White Chocolate and Wine
White chocolate tends to be light on the tongue, dreamy, creamy with buttery notes. This makes white chocolate a match made in heaven for sweet dessert wines and the delicate fizz of champagne. The almost euphoric feeling on the tongue of light white chocolate and iridescent bubbles or cloying sweet notes will awake your sensations like never before. Enjoy a block of white chocolate with a glass of Elysium from the Quady Winery in California or any select bottle from the Dolce Winery who specialize in dessert wines.
Milk Chocolate and Wine
34-41% Cocoa Solids
Milk chocolate manages to encompass a beautiful balance of coca and dairy, the result is melt in the mouth perfection that leaves a creamy residue clinging to your taste buds. Because of its stunning sensibilities milk chocolate is used as the base for many light chocolate mousses, pralines and other dessert bases. Bring out the true delight of milk chocolate by pairing it with lighter bodied reds such as merlot or pinot noir such as the 2006 Hayman Hill Santa Lucia Highlands Reserve Selection Pinot Noir Of course you can always step the flavors up a notch by complimenting that glass of champagne with a chocolate covered strawberry for a rare delight. Moët et Chandon's Domaine Chandon is always a spectacular choice.
Dark Chocolate and Wine
41-85% Cocoa Solids
There are many wines out there on the market that can boast chocolaty notes that resonate with the fruit. When pairing dark chocolate with wine this is what you want to look for. Full bodied reds are dark chocolates best friend and the result is nothing less than spectacular. Shiraz, Zinfandels and Cabernet Sauvignon all offer full flavored ruby fruit tastes splashed with gentle notes of chocolate, oak and berry that will mirror the taste and texture of decadent dark chocolate. A prestigious bottle of 2008 Hendry Primitivo, Napa will certainly do the trick. If you are really looking to tip this dreamy combination into a taste sensation out of this world you can also opt for dark, bitter chocolate paired with a good robust port.

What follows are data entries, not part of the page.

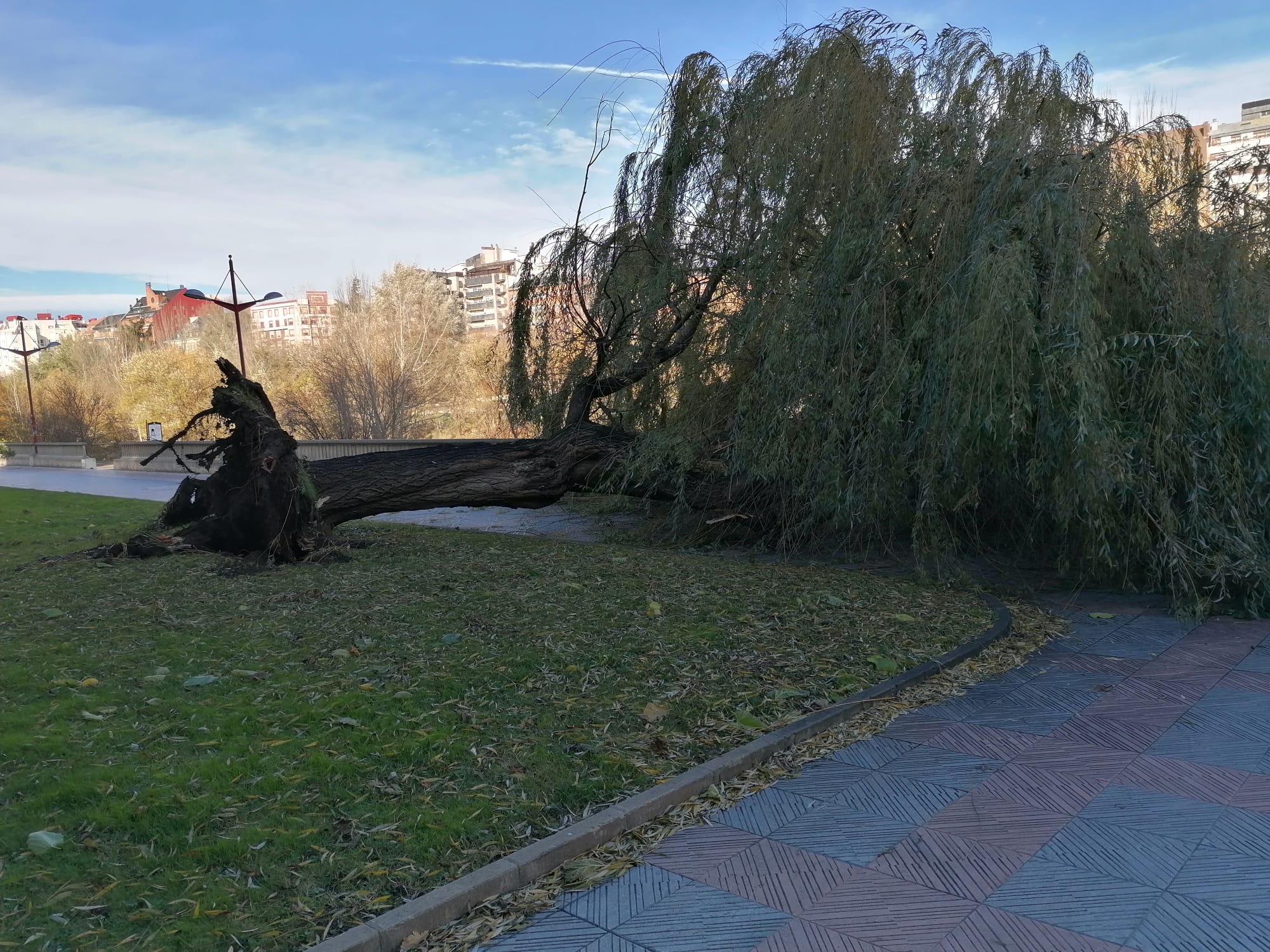 El intenso viento derriba un ejemplar de este árbol en pleno paseo del río Bernesga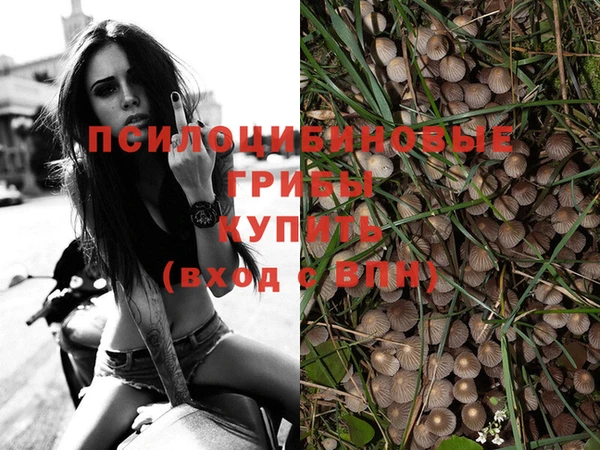 PSILOCYBIN Бугульма
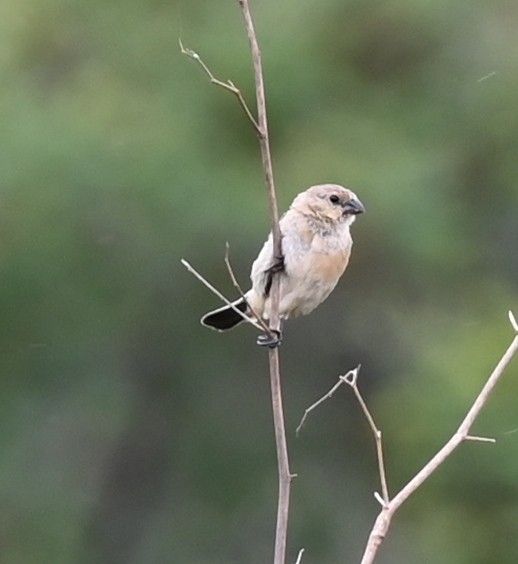 Copper Seedeater - ML619737580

Bittersweet Chocolate and Wine
For chocolate that tastes like the heart of darkness opt for bittersweet chocolate. The flavor of this chocolate is reminiscent in its origin, here the taste of the rainforest comes alive and you can enjoy a rich scented, roasted, earthy and robust flavor. Because of the intensity of the taste you are best pairing bitter chocolate with heavy, strong red wines with dry tannins to allow the flavor to implode on your tongue. Grenache, Cabernet Sauvignon, Merlot and Ruby Ports will all bring out the opulent flavors ofbittersweet chocolate. Close to home you can match a glass of 2005 Beckmen Vineyards Purisima Mountain Vineyard Grenache from Santa Barbara with the purest cocoa products from Santa Barbara Chocolates.